Task requirements: Return every record below exactly as written, omitting any pictures.

Data provided:
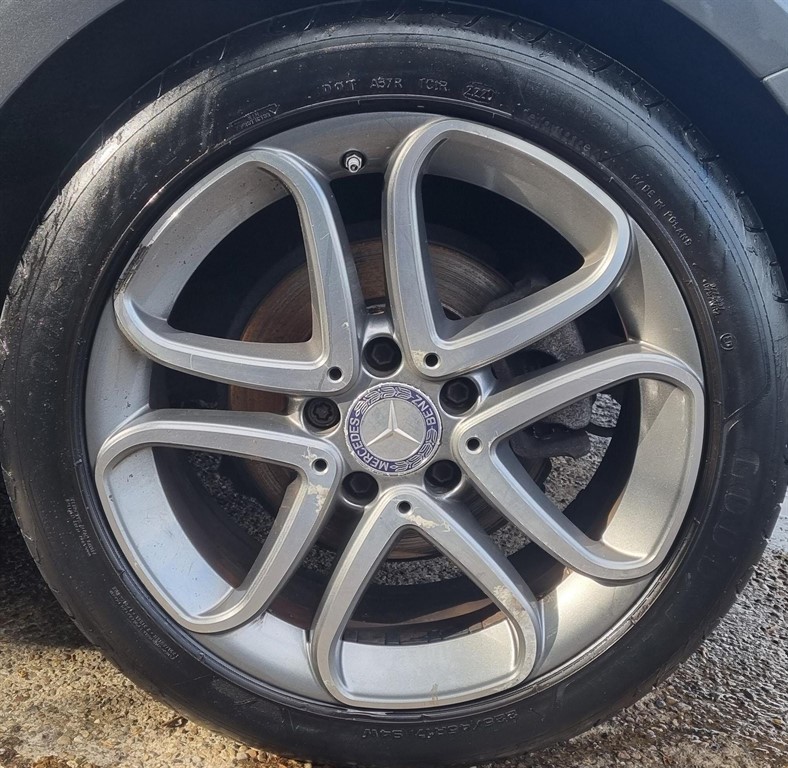 Used Mercedes-Benz A-Class 2014 for sale - 76117167: Photo 14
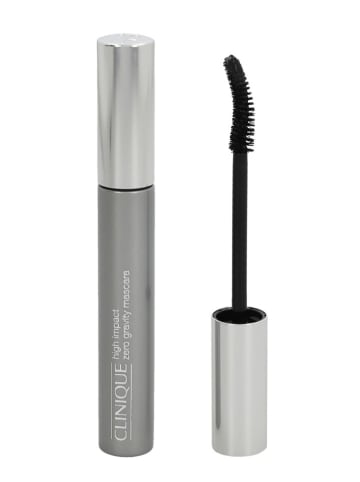 Clinique Mascara "High Impact Zero Gravity - 01 Black", 8 ml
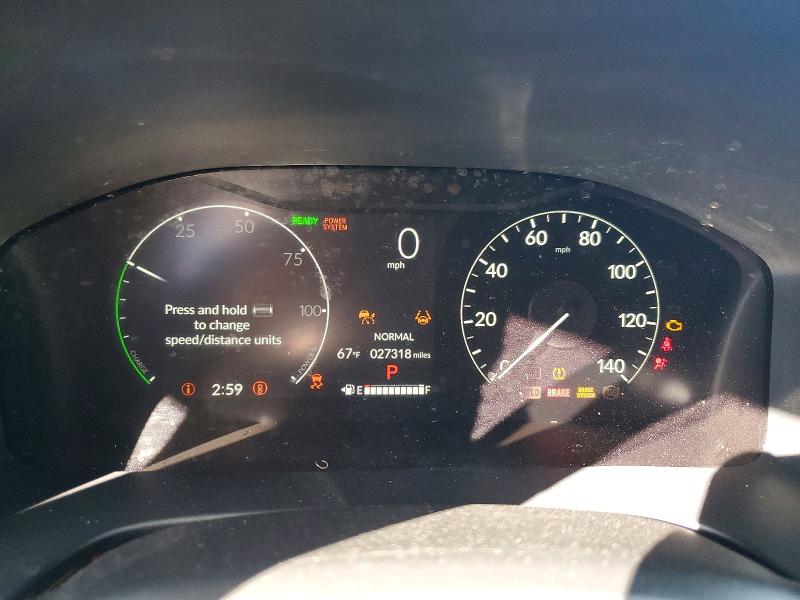 Aukcja sprzedaży 2025 Honda Cr-v, vin: 5J6RS6H96SL014651, numer aukcji: 70513676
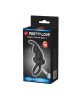 Ерекційне кільце - Pretty Love Vibrant Penis Ring I Black Ерекційне кільце - Pretty Love Vibrant Penis Ring I Black
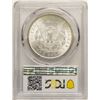 Image 2 : 1883 $1 Morgan Silver Dollar Coin PCGS MS64+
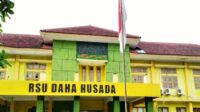Cara Daftar Online RSUD Daha Husada Kediri cara daftar online RSUD Daha Husada Kediri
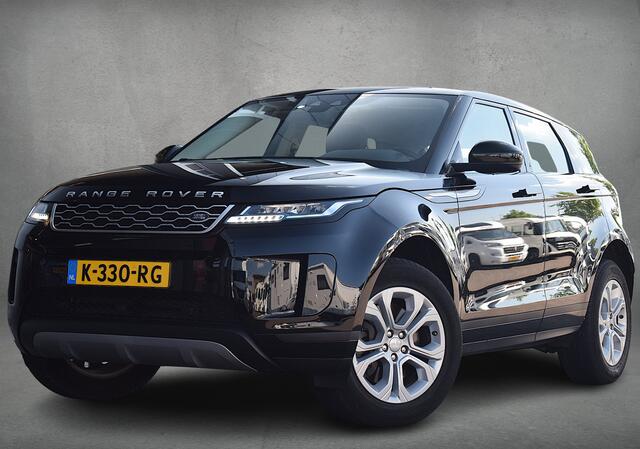 Land Rover RANGE ROVER EVOQUE 2.0 P200 AWD | Trekhaak | CarPlay | Stuurverw. | Leer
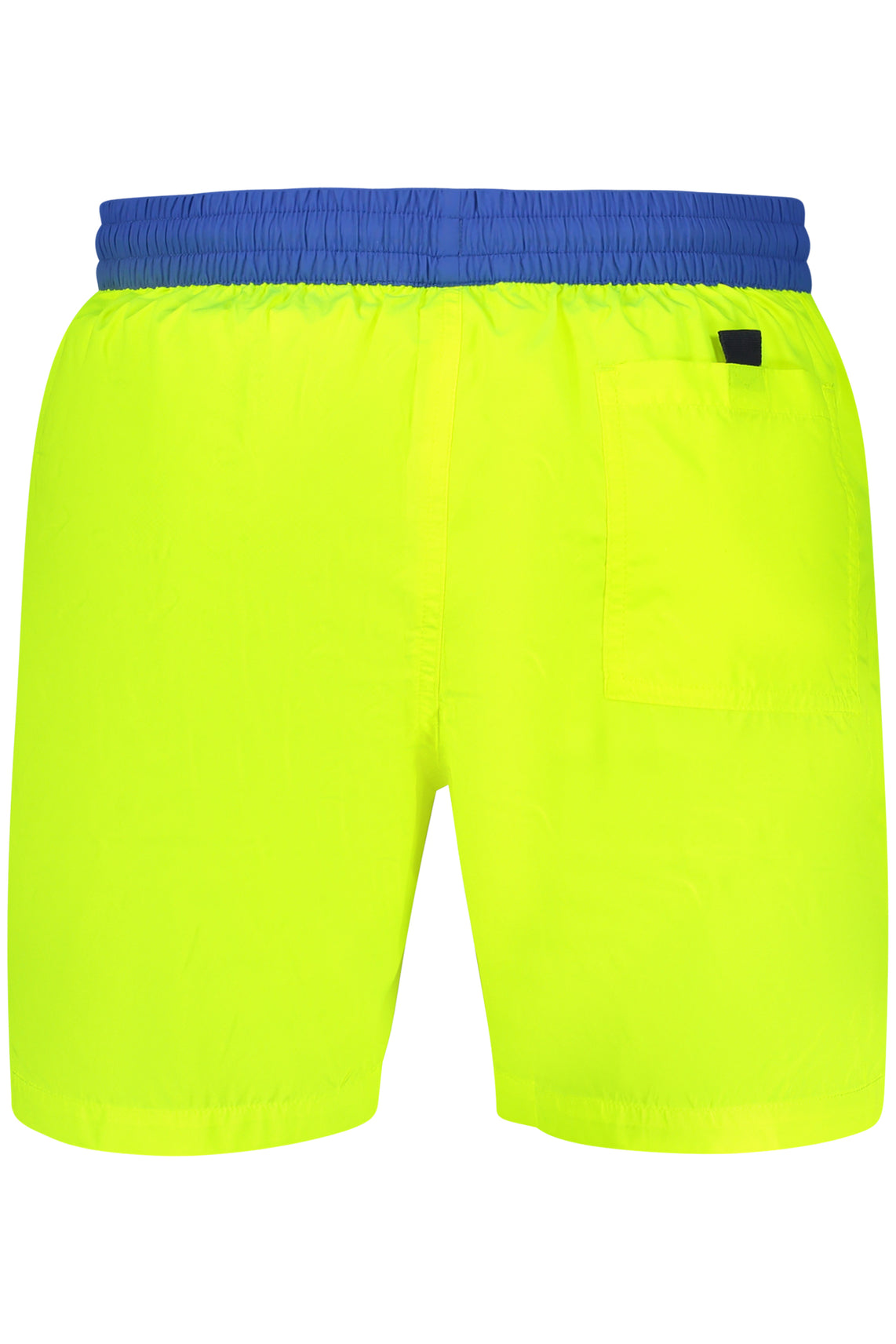 NORWAY 1963 Swimsuits Yellow - 858311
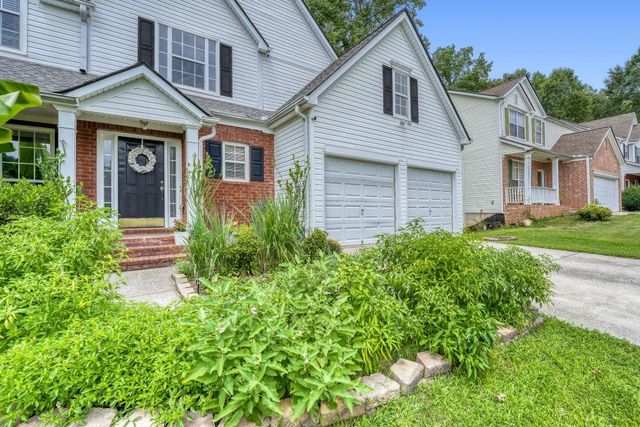 4408 Silver Ridge Way SW, Austell, GA 30106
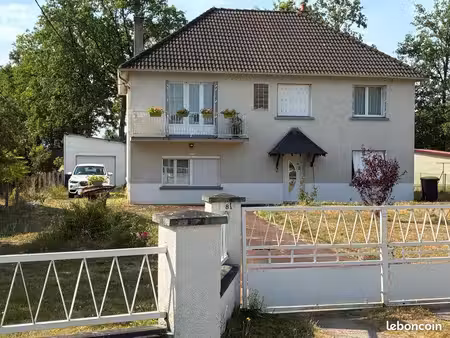 pavillon familial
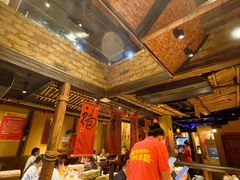 -串盟烧烤大排档·长沙美食地标(星沙店)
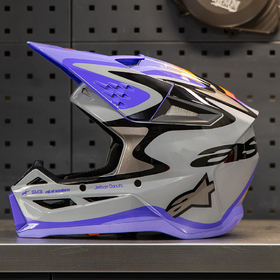 Casque cross Alpinestars S-M3 Jettson 2026 (2)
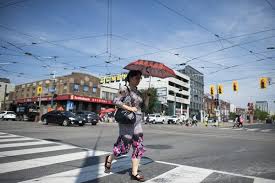 The Globe and Mail - News update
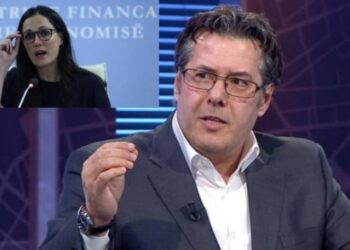 Burri i ministres i plagosi me thikë zyrtarin, Paloka: Skandali i radhës për të mbuluar tjetrin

Written response:
 Used Mercedes-Benz A-Class 2014 for sale - 76117167: Photo 14
 Clinique Mascara "High Impact Zero Gravity - 01 Black", 8 ml
 Aukcja sprzedaży 2025 Honda Cr-v, vin: 5J6RS6H96SL014651, numer aukcji: 70513676
 Ерекційне кільце - Pretty Love Vibrant Penis Ring I Black Ерекційне кільце - Pretty Love Vibrant Penis Ring I Black
 Image 2 : 1883 $1 Morgan Silver Dollar Coin PCGS MS64+
Cara Daftar Online RSUD Daha Husada Kediri cara daftar online RSUD Daha Husada Kediri
 Land Rover RANGE ROVER EVOQUE 2.0 P200 AWD | Trekhaak | CarPlay | Stuurverw. | Leer
 NORWAY 1963 Swimsuits Yellow - 858311
 4408 Silver Ridge Way SW, Austell, GA 30106
 pavillon familial
 -串盟烧烤大排档·长沙美食地标(星沙店)
 Casque cross Alpinestars S-M3 Jettson 2026 (2)
 The Globe and Mail - News update
 Burri i ministres i plagosi me thikë zyrtarin, Paloka: Skandali i radhës për të mbuluar tjetrin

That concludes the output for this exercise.